Not mandatory - If your product creates items in Xero such as invoices it might be useful to provide buttons/links to these from the related item in your product. This provides a quick and easy way for the user to jump into Xero to see the related item or take an action against it. Deep linking must be used in this case, deep linking will ensure that if the user has access to more than one Xero organisation the correct one is opened, i.e. the one where the item was created. We have a guide to deep linking here.

Checkpoint 10: Rounding

Not mandatory - If your product creates items in Xero such as invoices, it’s important to confirm that totals match. Each line item in Xero allows specifying quantity, unit price, tax rate and discount amount/percentage which are calculated in Xero. How your software handles rounding may differ so it’s important to compare the values returned in Xero’s API response to confirm totals match.
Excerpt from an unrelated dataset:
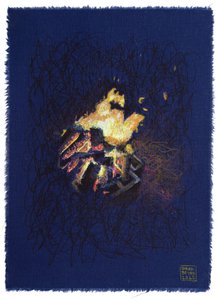 Nahes Feuer vor dem Feuerwerk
We have a guide explaining how Xero handles rounding.

Checkpoint 11: Invoice Status

Not mandatory - If your product creates invoices in Xero it might be useful to provide a default option for the status that should be used. Invoices can be created as Draft, Submitted for Approval or Approved. Having a dropdown of these statuses in your setup screen/view allows the user to select their preference for when your integration creates invoices and ensures your integration is working with Xero in the way the user does.

Checkpoint 12: Invoice URL

Not mandatory - If your product creates invoices in Xero it might be useful to set the field to a url of the related item in your product. When set a button is added to the top of the invoice in Xero saying ‘Go to [yourAppName]’, this provides a seamless way for the user to jump straight into your product to see the related invoice/job/customer etc.
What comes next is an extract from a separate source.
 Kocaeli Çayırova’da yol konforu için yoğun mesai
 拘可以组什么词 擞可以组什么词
Checkpoint 13: Error Handling

Not mandatory - Errors happen; users remove mapped accounts, temporary connectivity issues disrupt integrations, and dozens of other potential problems might surface. It is essential to find a way in your integration to provide an indication to users that an error has taken place. Virtually every error message received from the API contains details of the reason for the error. Parsing this into a response to be shown to the user will allow them to self-serve issue resolution or at the very least, quickly find help in order to do so, with minimum customer frustration. This could be an inline message as data is being sent across, or in the case of integrations with scheduled / background data synchronisation, ensuring that messages are communicated to users or visible in the integration setup page will keep everyone happy.

Checkpoint 14: Paging and Modified After

Not mandatory - When you retrieve multiple records, like invoices, some detail is omitted for performance. For example with invoices, only a summary of the contact is returned and no line details are returned - this is to keep the response compact. The full details will be returned when you retrieve an individual record, either by specifying it’s ID, or alternatively by using the optional paging parameter to retrieve multiple records. To utilise paging, append a page parameter to the URL e.g. ?page=1. If there are 100 records in the response you will need to check if there is any more data by fetching the next page e.g ?page=2 and continuing this process until no more results are returned. By using paging all the line item details for each invoice are returned which may avoid the need to retrieve each individual invoice, but it also ensures you will not hit a timeout by retrieving too many invoices in one call. In addition, the Modified After parameter is useful to introduce efficiencies by getting only records created or modified since the timestamp you specify. Using this you can ensure you’re only getting back records that you need your attention rather than having to work through loads of historic records.